U.S. hegemony in the post–Cold War era was like nothing the world had seen since the Roman Empire.
So which was it that eroded American hegemony—the rise of new challengers or imperial overreach? As with any large and complex historical phenomenon, it was probably all of the above. China’s rise was one of those tectonic shifts in international life that would have eroded any hegemon’s unrivaled power, no matter how skillful its diplomacy.
The return of Russia, however, was a more complex affair. It’s easy to forget now, but in the early 1990s, leaders in Moscow were determined to turn their country into a liberal democracy, a European nation, and an ally of sorts of the West. Eduard Shevardnadze, who was foreign minister during the final years of the Soviet Union, supported the United States’ 1990–91 war against Iraq.

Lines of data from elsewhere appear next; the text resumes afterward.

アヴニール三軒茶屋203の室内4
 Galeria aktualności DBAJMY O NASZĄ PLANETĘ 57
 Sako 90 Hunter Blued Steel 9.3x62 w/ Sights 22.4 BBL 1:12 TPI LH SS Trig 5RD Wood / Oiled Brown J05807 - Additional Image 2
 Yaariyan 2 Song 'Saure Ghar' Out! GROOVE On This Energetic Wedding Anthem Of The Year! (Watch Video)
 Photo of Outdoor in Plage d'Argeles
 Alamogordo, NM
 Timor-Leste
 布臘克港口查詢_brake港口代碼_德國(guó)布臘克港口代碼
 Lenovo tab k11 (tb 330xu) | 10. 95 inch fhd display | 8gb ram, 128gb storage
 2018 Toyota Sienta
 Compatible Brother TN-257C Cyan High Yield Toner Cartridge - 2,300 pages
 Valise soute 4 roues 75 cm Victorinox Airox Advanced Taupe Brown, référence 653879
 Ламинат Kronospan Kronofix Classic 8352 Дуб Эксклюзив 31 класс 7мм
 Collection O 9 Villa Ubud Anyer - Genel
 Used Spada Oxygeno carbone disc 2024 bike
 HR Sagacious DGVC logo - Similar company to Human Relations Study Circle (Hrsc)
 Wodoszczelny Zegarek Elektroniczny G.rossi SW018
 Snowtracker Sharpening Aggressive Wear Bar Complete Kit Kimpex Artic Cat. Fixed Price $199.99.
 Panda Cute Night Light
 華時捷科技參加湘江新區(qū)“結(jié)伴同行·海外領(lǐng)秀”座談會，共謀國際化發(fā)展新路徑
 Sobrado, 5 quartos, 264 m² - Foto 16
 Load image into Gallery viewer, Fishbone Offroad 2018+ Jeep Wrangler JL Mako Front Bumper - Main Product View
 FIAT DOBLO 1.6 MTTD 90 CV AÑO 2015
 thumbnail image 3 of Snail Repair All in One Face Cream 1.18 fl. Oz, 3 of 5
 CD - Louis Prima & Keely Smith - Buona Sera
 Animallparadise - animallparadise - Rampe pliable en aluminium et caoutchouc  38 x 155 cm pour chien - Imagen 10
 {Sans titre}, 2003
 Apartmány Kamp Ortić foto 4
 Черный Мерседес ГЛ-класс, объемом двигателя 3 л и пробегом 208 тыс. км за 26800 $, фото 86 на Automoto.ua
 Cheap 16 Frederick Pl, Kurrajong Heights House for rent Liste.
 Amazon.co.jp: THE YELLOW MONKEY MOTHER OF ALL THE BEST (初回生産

And after the Soviet Union’s collapse, Russia’s first foreign minister, Andrei Kozyrev, was an even more ardent liberal, an internationalist, and a vigorous supporter of human rights.
Who lost Russia is a question for another article.
But it is worth noting that although Washington gave Moscow some status and respect—expanding the G-7 into the G-8, for example—it never truly took Russia’s security concerns seriously. It enlarged NATO fast and furiously, a process that might have been necessary for countries such as Poland, historically insecure and threatened by Russia, but one that has continued on unthinkingly, with little concern for Russian sensitivities, and now even extends to Macedonia.
Today, Russian President Vladimir Putin’s aggressive behavior makes every action taken against his country seem justified, but it’s worth asking, What forces produced the rise of Putin and his foreign policy in the first place?
The greatest error the United States committed during its unipolar moment, with Russia and more generally, was to simply stop paying attention.